Data Center Growth Remains Strong Despite Geographic Shifts

Data center revenue reached $35.6 billion in the fourth quarter, up 93% year-over-year. While China revenue remains around half of pre-export-control levels, strong U.S. demand helped drive 16% sequential growth.

Data center revenue of $35.6 billion was a record, up 16% sequentially and 93% year-on-year, as the Blackwell ramp commenced and Hopper 200 continued sequential growth.

-- Colette Kress, CFO

The company expects China to maintain its current percentage of revenue going forward, suggesting other regions can sustain growth trajectories.

Product Roadmap Shows Consistent Innovation Pace

Management confirmed the upcoming launch of Blackwell Ultra in the second half of 2025, maintaining its annual product cadence. They also referenced development of the next-generation "Vera Rubin" architecture.

The next train is on an annual rhythm and Blackwell Ultra with new networking, new memories and of course, new processors, and all of that is coming online. We have been working with all of our partners and customers, laying this out.

-- Jensen Huang, CEO

The system architecture compatibility between Blackwell and Blackwell Ultra should enable smoother customer transitions compared to previous generations.

Margin Profile Evolving with Product Mix

Gross margins will remain in the low 70s as Blackwell ramps, with improvement opportunities once initial production stabilizes.
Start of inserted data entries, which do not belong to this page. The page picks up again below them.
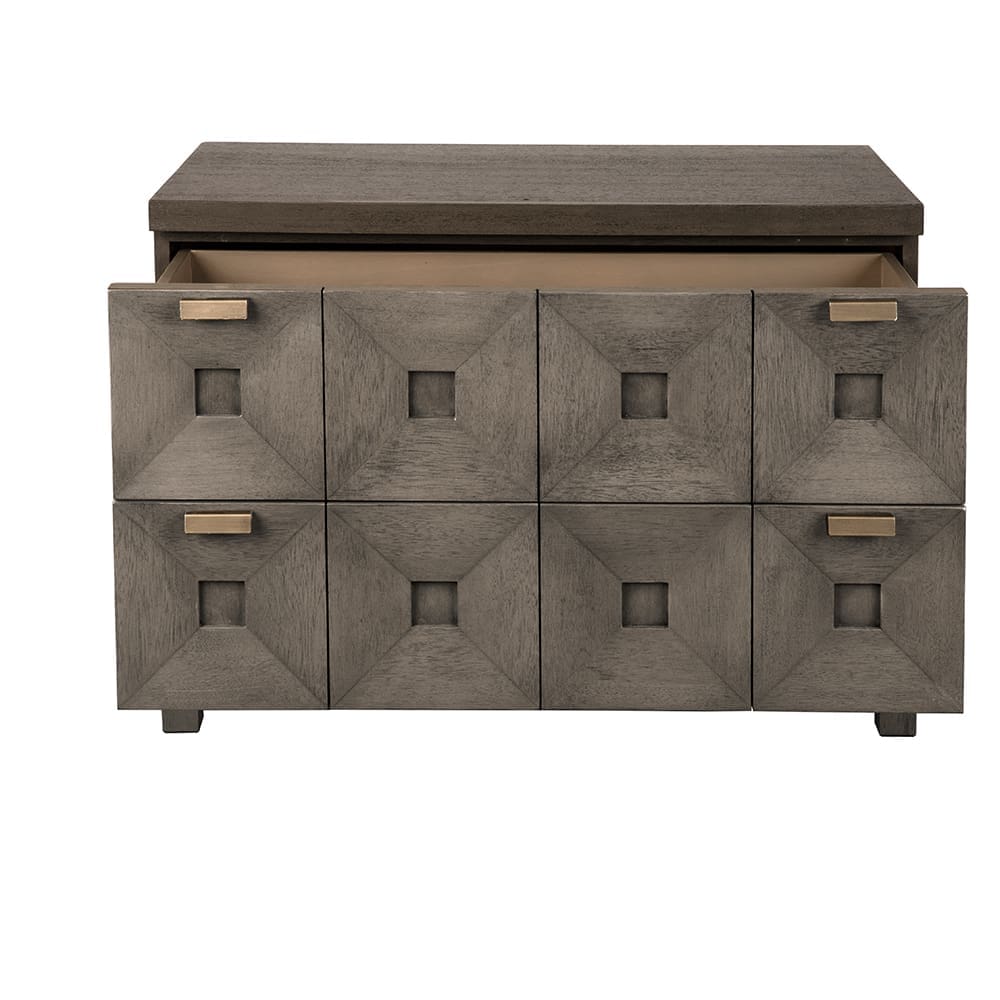Musashi 2 Drawer, Large, Greige Walnut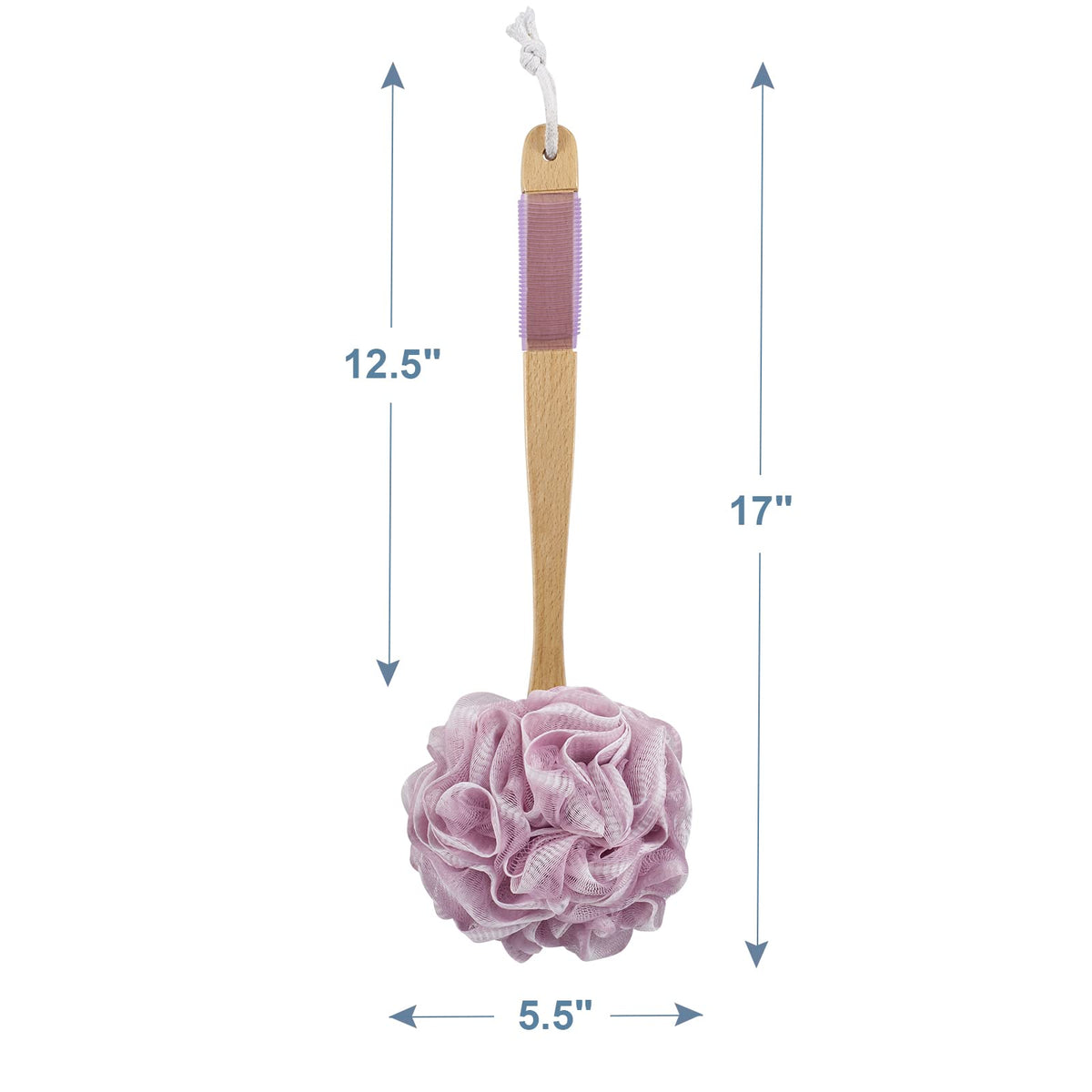 AmazerBath loofah set staged in bathroom showing practical lifestyle appeal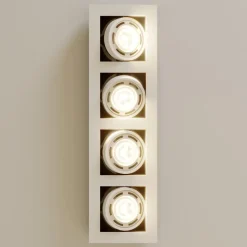 Arcchio loftspot Ronka, 65 cm, 4 lyskilder, hvid, GU10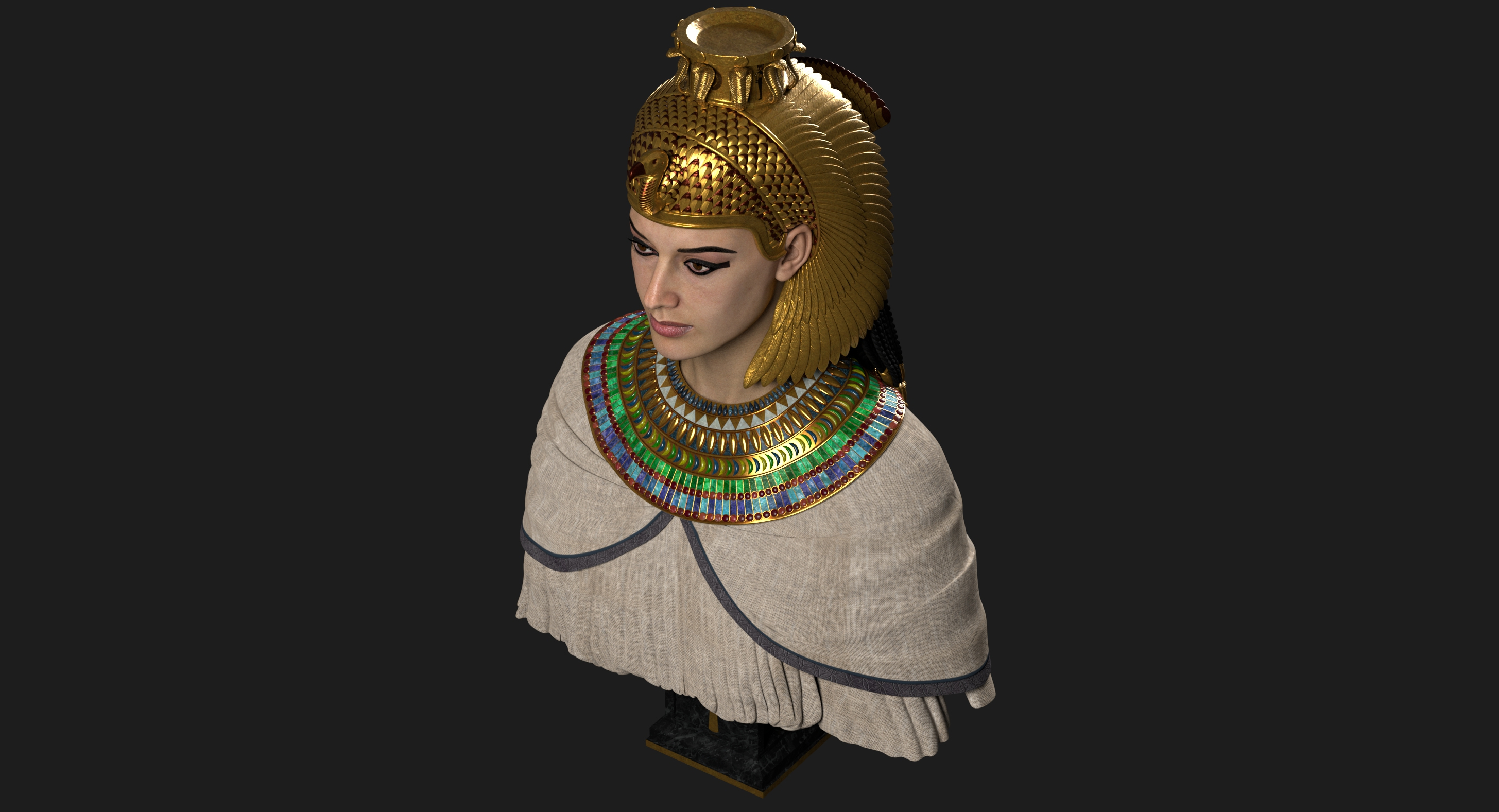 3D egyptian queen model - TurboSquid 1269072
During our Blackwell ramp, our gross margins will be in the low 70s. At this point, we are focusing on expediting our manufacturing ... to make sure that we can provide to customers as soon as possible.

-- Colette Kress, CFO

Management cited multiple opportunities to improve costs and margins once initial production goals are met.

Looking Ahead

Nvidia's management expressed confidence in sustained demand, highlighting the expanding role of AI across industries. The company appears well-positioned with its full stack approach spanning hardware, networking, and software. As CEO Jensen Huang emphasized:

No technology has ever had the opportunity to address a larger part of the world's GDP than AI. No software tool ever has. ... When you take a step back and look at it from that perspective, we're really just in the beginning.